The law will allow police to engage in racial profiling. Actually, Section 2 provides that a law enforcement official “may not solely consider race, color or national origin” in making any stops or determining immigration status. In addition, all normal Fourth Amendment protections against profiling will continue to apply. In fact, the Arizona law actually reduces the likelihood of race-based harassment by compelling police officers to contact the federal government as soon as is practicable when they suspect a person is an illegal alien, as opposed to letting them make arrests on their own assessment.
It is unfair to demand that people carry a driver’s license. Arizona’s law does not require anyone, alien or otherwise, to carry a driver’s license. Rather, it gives any alien with a license a free pass if his immigration status is in doubt. Because Arizona allows only lawful residents to obtain licenses, an officer must presume that someone who produces one is legally in the country.
State governments aren’t allowed to get involved in immigration, which is a federal matter.
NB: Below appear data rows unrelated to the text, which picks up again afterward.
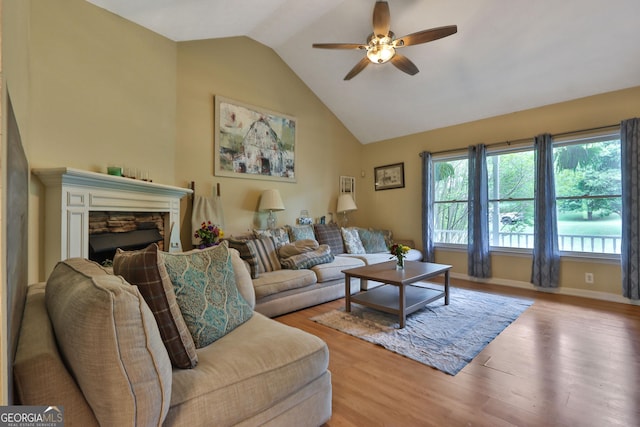 2675 Dacula Ridge Dr, Dacula, GA 30019 - living room featuring lofted ceiling, ceiling fan, and wood finished floors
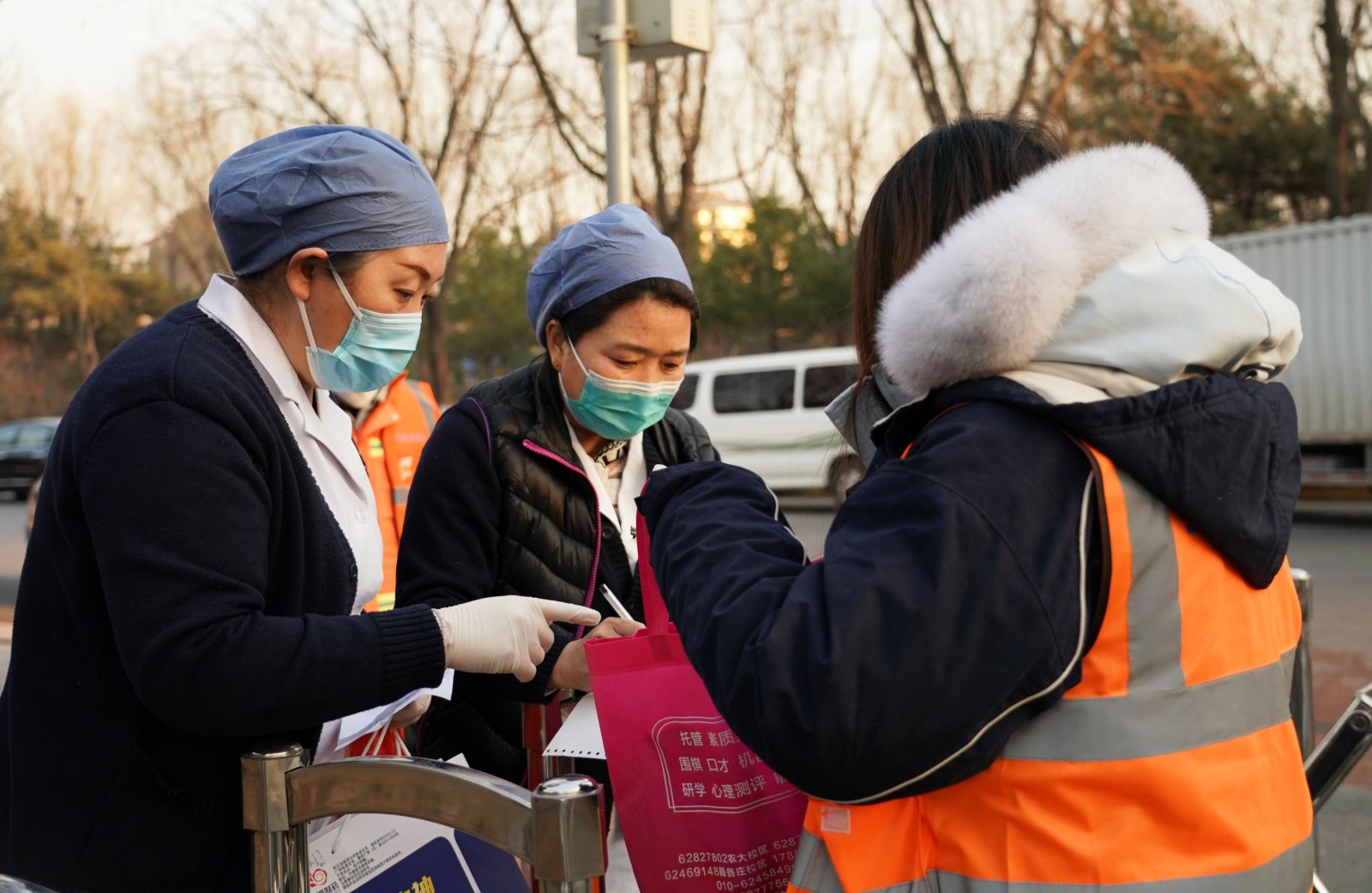 1月18日，在百旺茉莉園一期外，馬連洼社區衛生服務中心的醫護人員為行動不便的老人代領藥物並送到社區門口。（新華社）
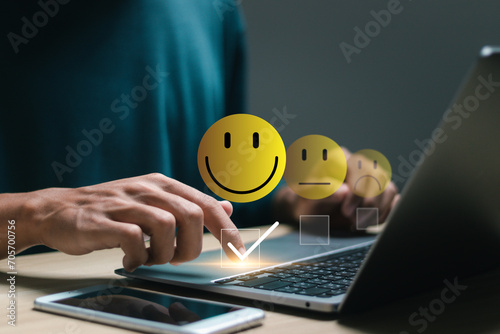User rate satisfaction by smiling face, on online application. satisfaction feedback review, good quality most. Customer satisfaction service concept. photo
While it is true that Washington holds primary authority in immigration, the Supreme Court since 1976 has recognized that states may enact laws to discourage illegal immigration without being pre-empted by federal law. As long as Congress hasn’t expressly forbidden the state law in question, the statute doesn’t conflict with federal law and Congress has not displaced all state laws from the field, it is permitted. That’s why Arizona’s 2007 law making it illegal to knowingly employ unauthorized aliens was sustained by the United States Court of Appeals for the Ninth Circuit.
But the Left won’t be deterred. Raul Grijalva, the Democrat Congressman who represents that state’s 7th District, has joined calls for a boycott of his own state. One wonders, given that the Arizona law has a 70 percent favorability rating among locals there, how well Grijalva’s move will go over. And New York mayor Michael Bloomberg, who isn’t exactly a lefty but often plays one on TV, said the law represents “national suicide” and then offered this:
“This is not good for the country. I don’t agree with it,” he said. “We love immigrants here.”
Apparently Bloomberg doesn’t get the distinction between “immigrants” and “illegal aliens.”
Finally, this nugget: A bi-partisan group in Congress is now calling for a National Guard deployment to the border. While that might be a good idea, it’s amazing to think it Nazism to use local police to enforce immigration laws by asking for identification but it’s perfectly acceptable to militarize the border. A supreme lack of cogent thinking appears afoot. If you want proof, consider that President Obama and his Congressional minions can’t even decide whether to bring up immigration legislation at this point.